*** Block opens ***
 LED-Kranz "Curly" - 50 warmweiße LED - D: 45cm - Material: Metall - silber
*** Block closes ***
*** Block opens ***
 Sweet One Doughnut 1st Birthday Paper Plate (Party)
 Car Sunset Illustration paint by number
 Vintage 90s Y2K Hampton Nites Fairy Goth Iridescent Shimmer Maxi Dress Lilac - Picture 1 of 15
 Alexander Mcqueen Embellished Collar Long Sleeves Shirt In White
*** Block closes ***
*** Block opens ***
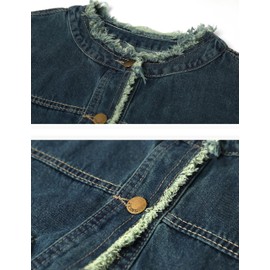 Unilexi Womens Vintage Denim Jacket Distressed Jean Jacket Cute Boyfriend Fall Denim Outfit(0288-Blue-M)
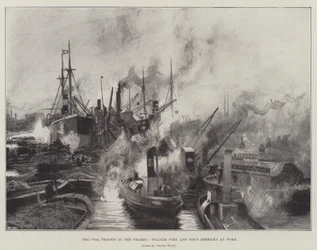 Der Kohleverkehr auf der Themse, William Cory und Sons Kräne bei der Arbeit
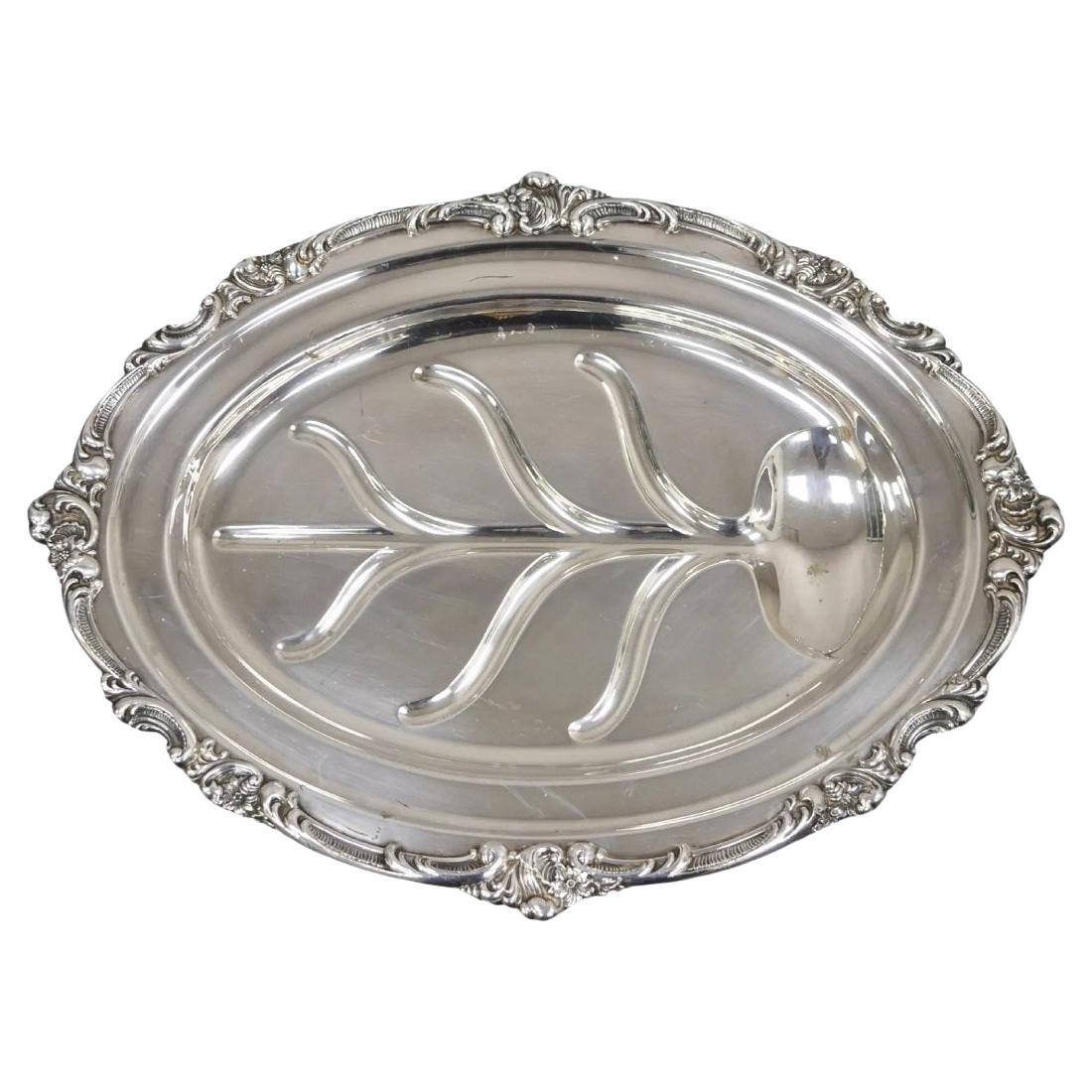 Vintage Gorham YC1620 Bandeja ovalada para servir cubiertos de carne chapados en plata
*** Block closes ***
### Work order
Could you transcribe exactly the entries above, but only the lines from the one with "Der Kohleverkehr auf" through the one with "Vintage Gorham YC1620", and without pictures?

### Solution to the problem
 Der Kohleverkehr auf der Themse, William Cory und Sons Kräne bei der Arbeit
 Vintage Gorham YC1620 Bandeja ovalada para servir cubiertos de carne chapados en plata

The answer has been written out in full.